Top of Material for the task

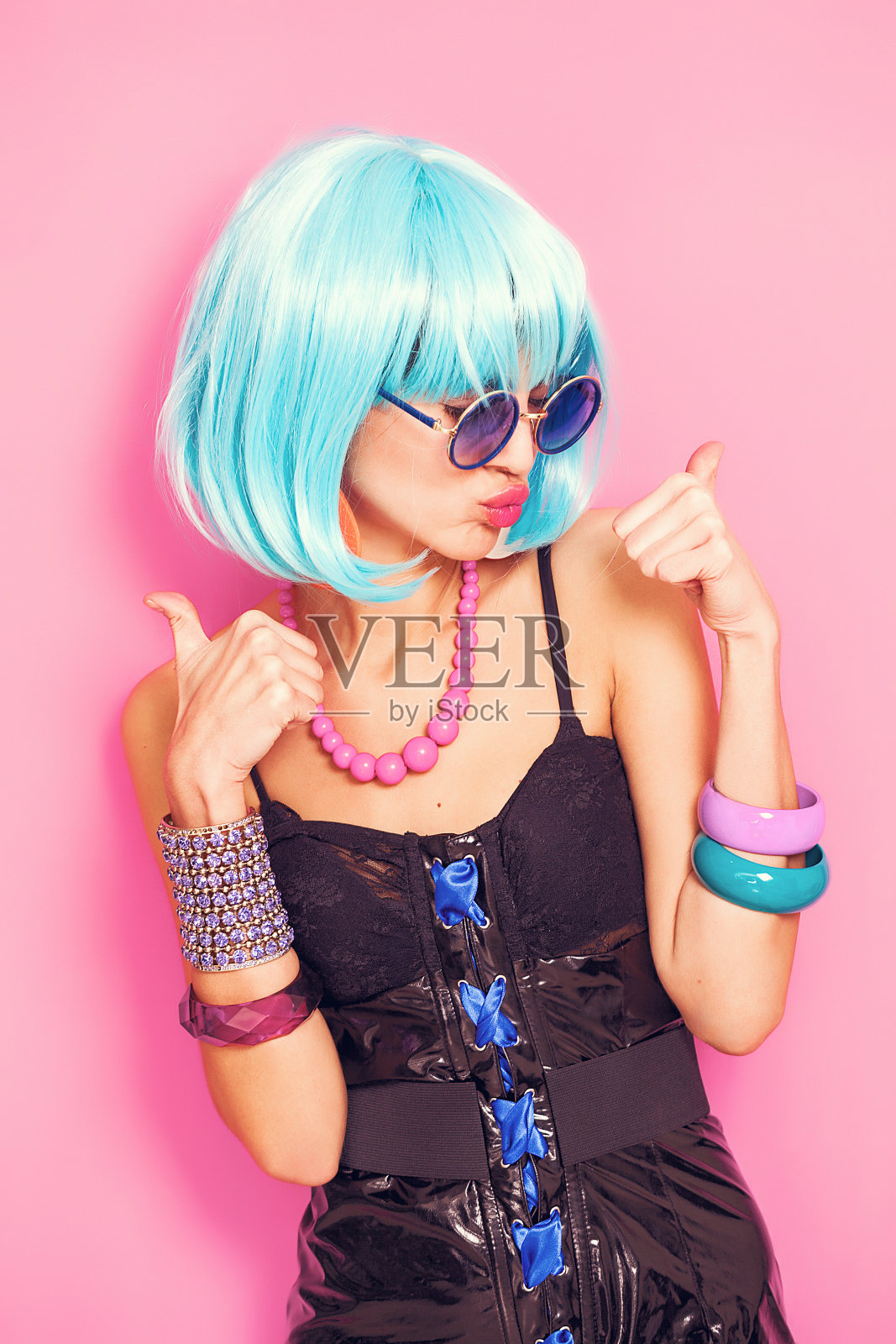 很酷的流行女孩肖像，拇指向上戴着蓝色假发照片摄影图片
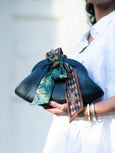 Person holding a black Dawn Scallop leather clutch bag with a patterned green and brown scarf tied around it, wearing a white outfit.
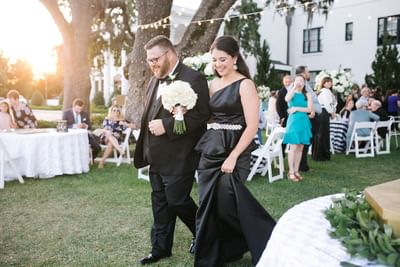 Elegant wedding party couple walking through an outdoor evening reception lawn at The White House Hotel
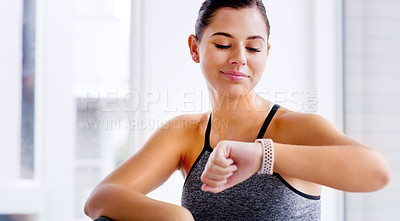Buy stock photo Shot of an attractive young woman checking the time on her wrist watch while working out at the gym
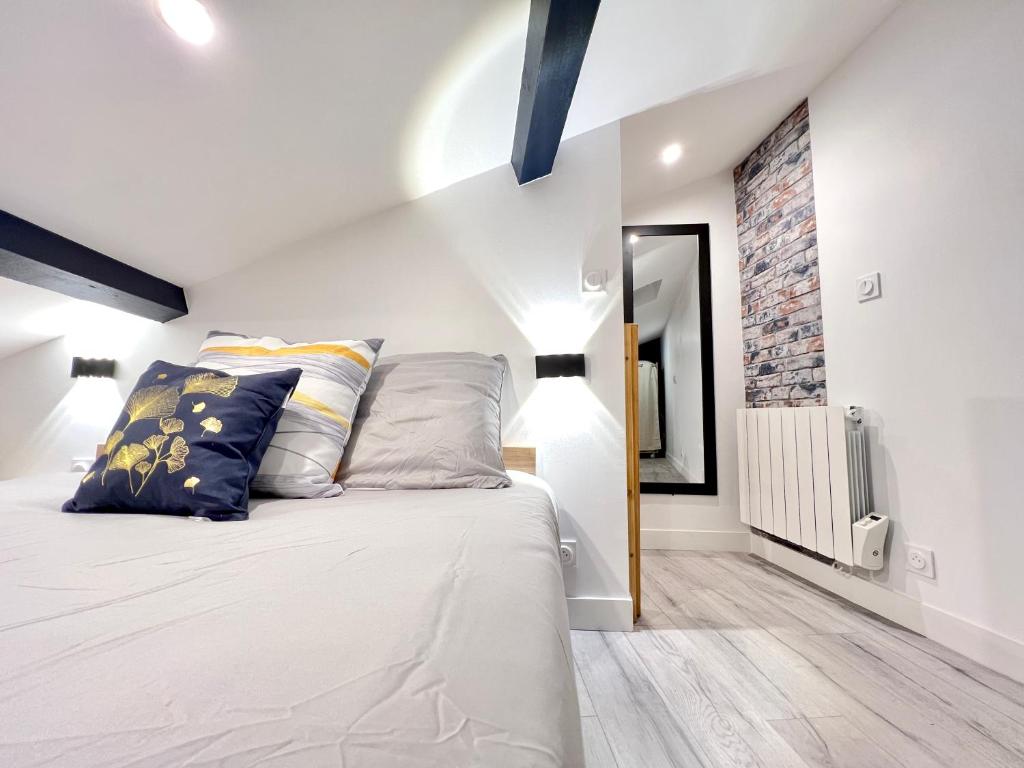 a bedroom with a large white bed with pillows at Le Loft ~ à 4 min de la gare, Fibre + Parking privé in Poitiers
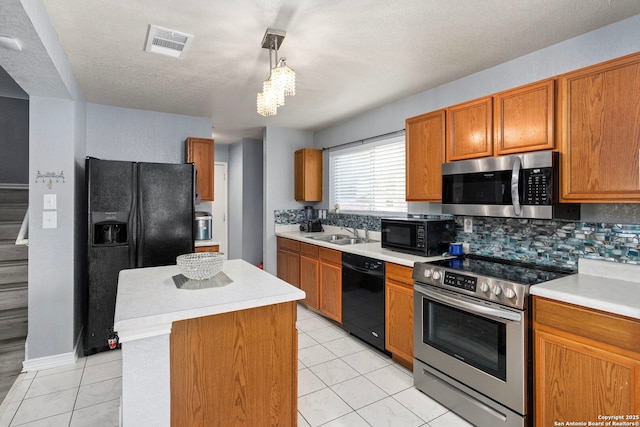 kitchen featuring a kitchen island, light countertops, brown cabinets, black appliances, and a sink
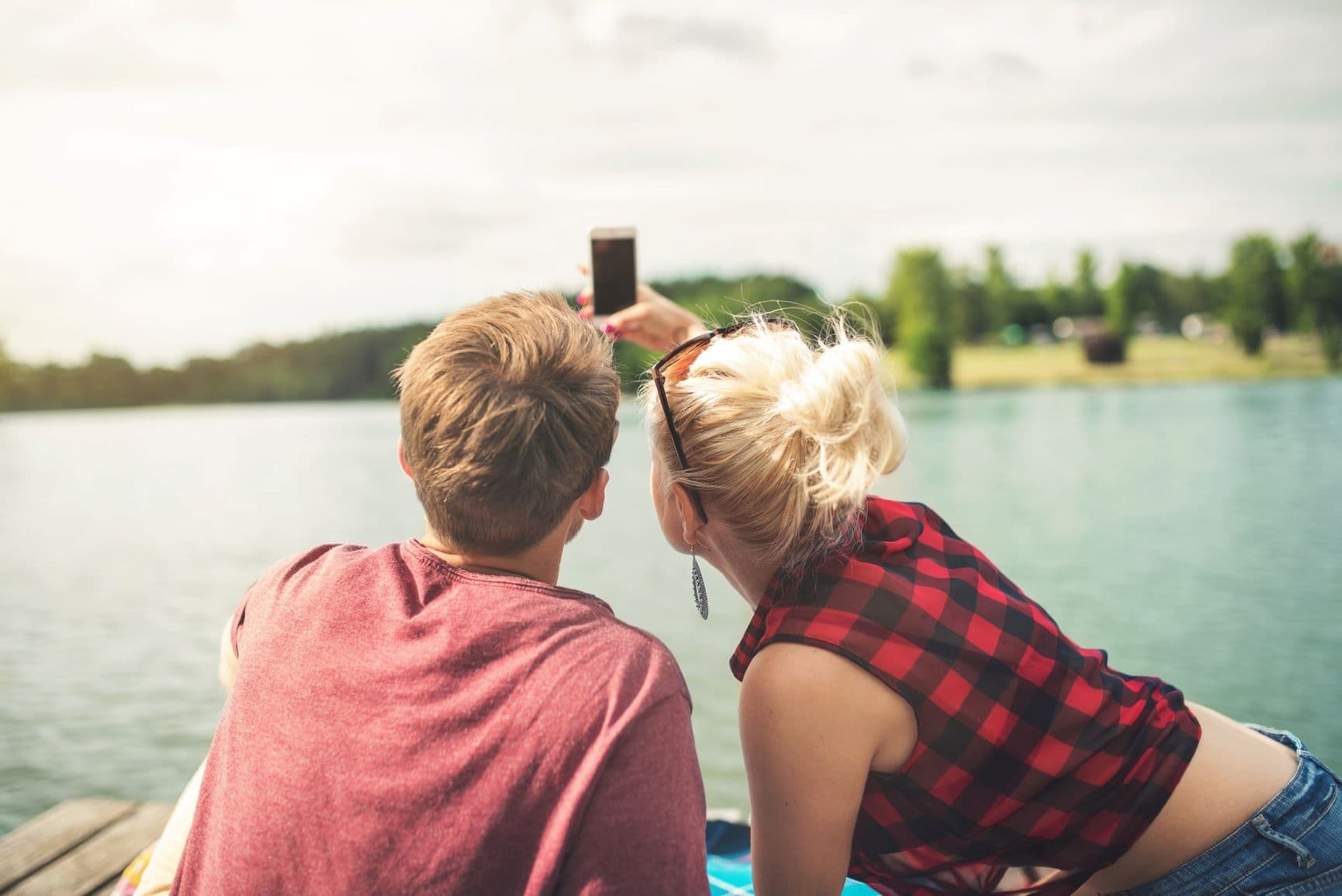Junger Mann und junge Frau machen am Wasser ein Selfie
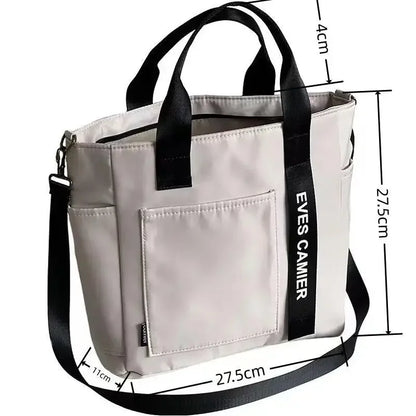 Nuevo bolso de hombro informal de gran capacidad, de nailon, impermeable, de lona, ​​sencillo y moderno, para colegiala.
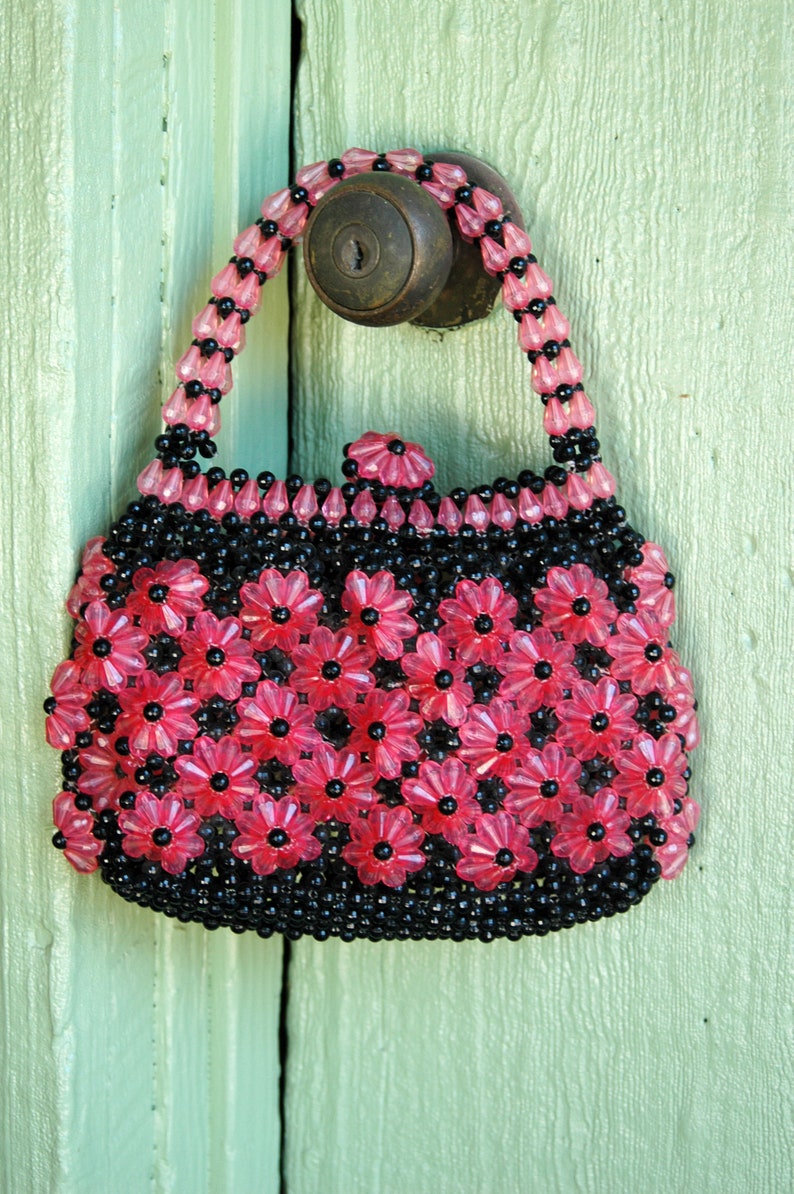 May include: A pink and black beaded purse with a floral design. The purse is hanging on a green door.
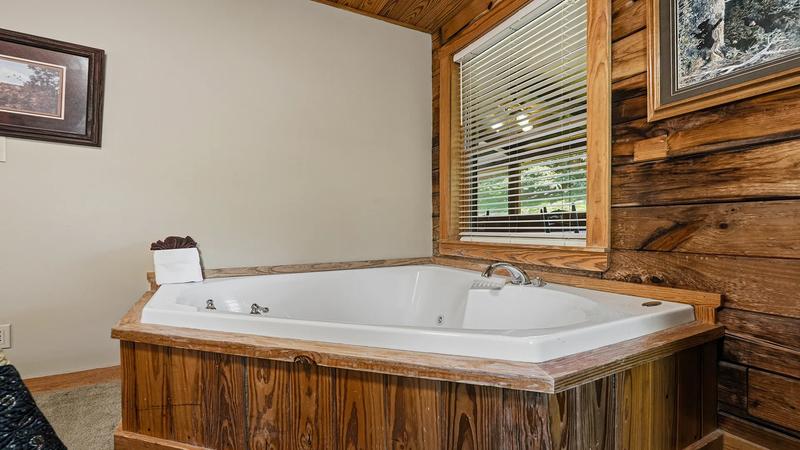 Second Bedroom With Jacuzzi Tub Cabin rental's second bedroom with Jacuzzi tub.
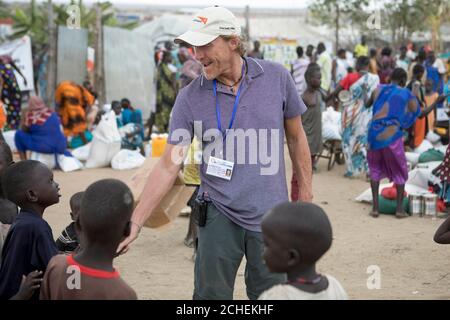 ONE USE ONLY NO ARCHIVE EDITORIAL USE ONLY Actor Jerome Flynn meets survivors of the conflict in South Sudan at a camp for internally displaced people, as part of an appeal from international children's charity World Vision. Stock Photo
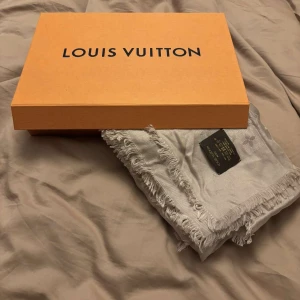 Silvergrå Louis Vuitton halsduk i silke/ull - Lyxig silvergrå halsduk från Louis Vuitton med ikoniskt monogrammönster. Halsduken har fransade kanter och är tillverkad i en blandning av 60% silke och 40% ull, vilket gör den både mjuk och elegant. Perfekt accessoar för att lyfta din outfit.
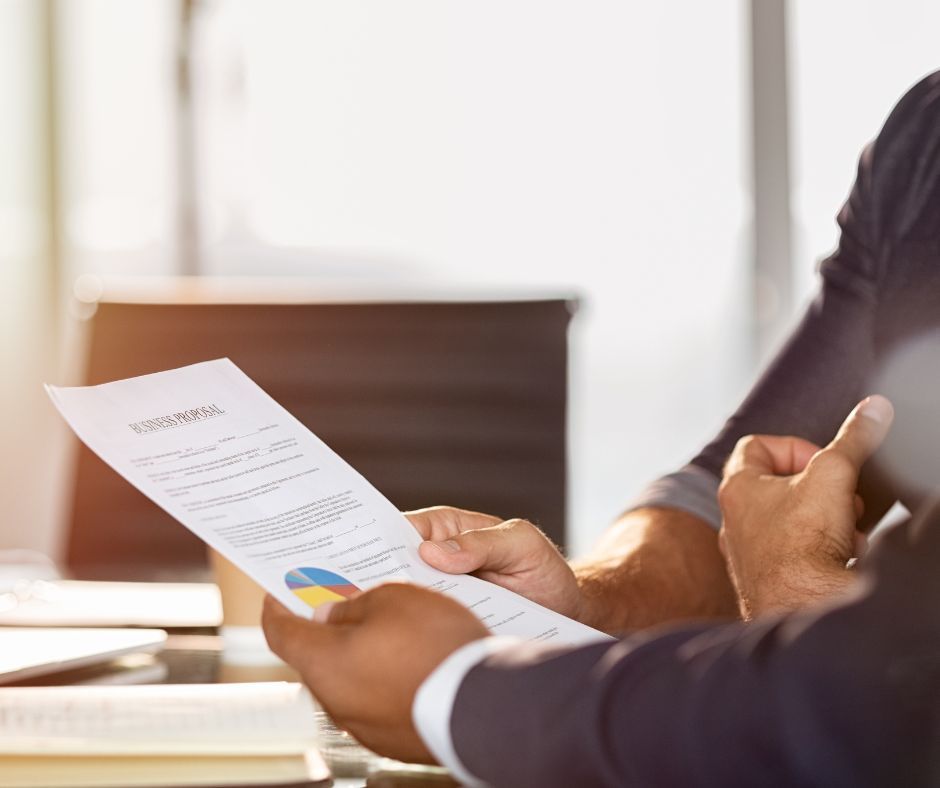 Two people reviewing business report with charts and data, in office setting.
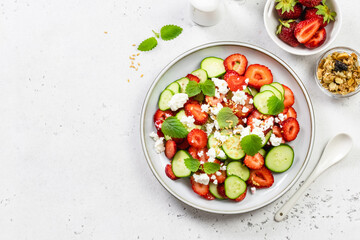 Healthy cucumber strawberry feta cheese salad with honey lemon dressing on plate. Top view, flat lay, copy space.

Bottom of Material for the task

About this exercise ▸ Write the data above out again exactly, every line of it, and exclude the pictures.

Solution to this exercise ▸
 很酷的流行女孩肖像，拇指向上戴着蓝色假发照片摄影图片
 Person holding a black Dawn Scallop leather clutch bag with a patterned green and brown scarf tied around it, wearing a white outfit.
 Elegant wedding party couple walking through an outdoor evening reception lawn at The White House Hotel
Buy stock photo Shot of an attractive young woman checking the time on her wrist watch while working out at the gym
 a bedroom with a large white bed with pillows at Le Loft ~ à 4 min de la gare, Fibre + Parking privé in Poitiers
 kitchen featuring a kitchen island, light countertops, brown cabinets, black appliances, and a sink
Junger Mann und junge Frau machen am Wasser ein Selfie
 Nuevo bolso de hombro informal de gran capacidad, de nailon, impermeable, de lona, ​​sencillo y moderno, para colegiala.
 May include: A pink and black beaded purse with a floral design. The purse is hanging on a green door.
 Second Bedroom With Jacuzzi Tub Cabin rental's second bedroom with Jacuzzi tub.
 ONE USE ONLY NO ARCHIVE EDITORIAL USE ONLY Actor Jerome Flynn meets survivors of the conflict in South Sudan at a camp for internally displaced people, as part of an appeal from international children's charity World Vision. Stock Photo
 Silvergrå Louis Vuitton halsduk i silke/ull - Lyxig silvergrå halsduk från Louis Vuitton med ikoniskt monogrammönster. Halsduken har fransade kanter och är tillverkad i en blandning av 60% silke och 40% ull, vilket gör den både mjuk och elegant. Perfekt accessoar för att lyfta din outfit.
 Two people reviewing business report with charts and data, in office setting.
 Healthy cucumber strawberry feta cheese salad with honey lemon dressing on plate. Top view, flat lay, copy space.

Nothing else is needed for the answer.